Look below for the line containing "Snapshot of bookishdivya" and the line containing "Công bố lịch", then set down both and every line between them exactly, without pictures.

::: Record set :::

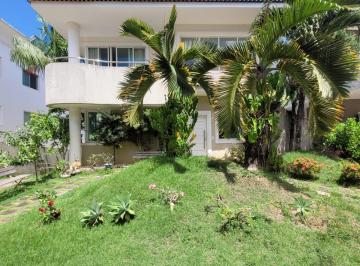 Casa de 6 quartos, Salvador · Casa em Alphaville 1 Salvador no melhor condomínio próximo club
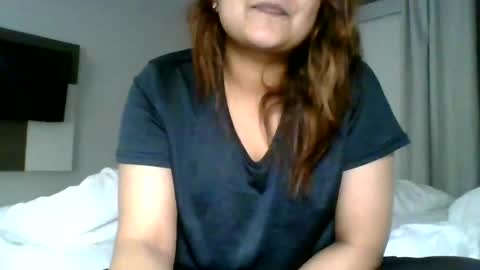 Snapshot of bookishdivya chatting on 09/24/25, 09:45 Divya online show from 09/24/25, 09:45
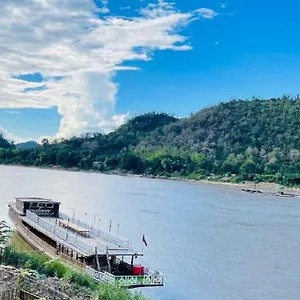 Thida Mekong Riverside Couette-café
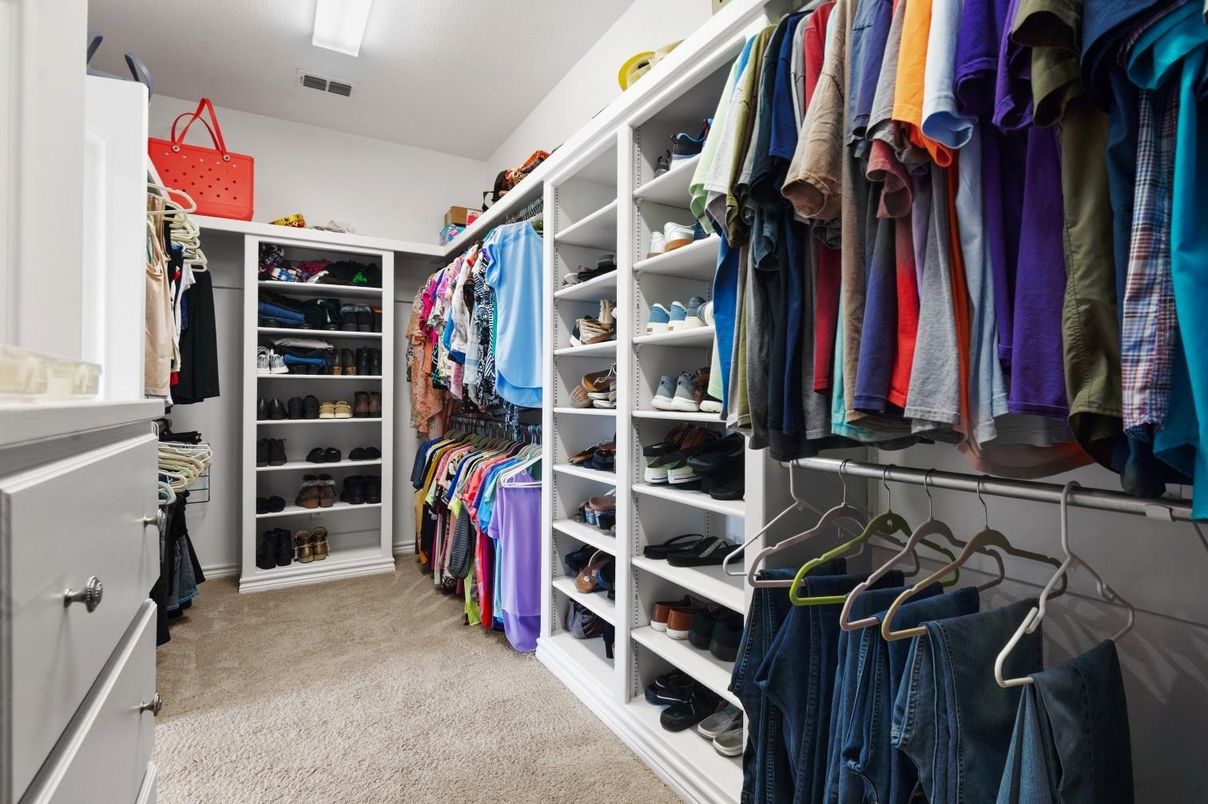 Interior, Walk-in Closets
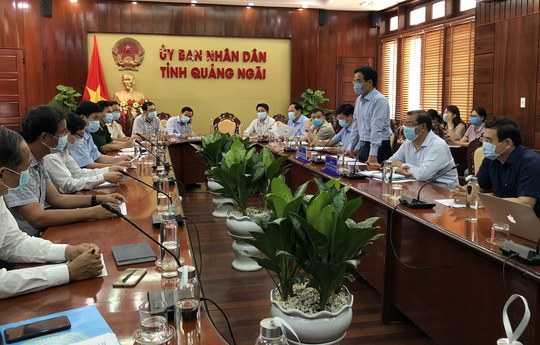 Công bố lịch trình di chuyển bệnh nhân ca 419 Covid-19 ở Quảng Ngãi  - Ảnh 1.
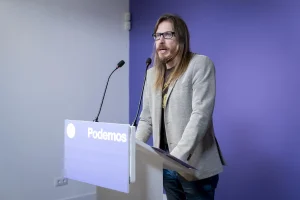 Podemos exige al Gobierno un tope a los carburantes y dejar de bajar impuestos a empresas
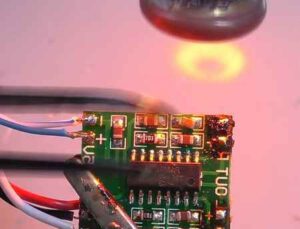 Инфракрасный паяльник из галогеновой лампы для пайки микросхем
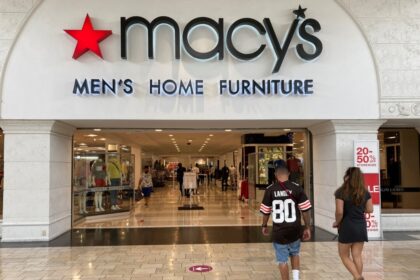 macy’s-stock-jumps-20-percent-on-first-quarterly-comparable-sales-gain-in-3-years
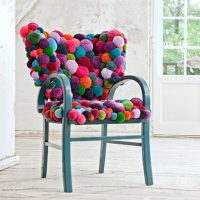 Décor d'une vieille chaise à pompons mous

:::

== Result of the exercise ==
 Snapshot of bookishdivya chatting on 09/24/25, 09:45 Divya online show from 09/24/25, 09:45
 Thida Mekong Riverside Couette-café
 Interior, Walk-in Closets
 Công bố lịch trình di chuyển bệnh nhân ca 419 Covid-19 ở Quảng Ngãi  - Ảnh 1.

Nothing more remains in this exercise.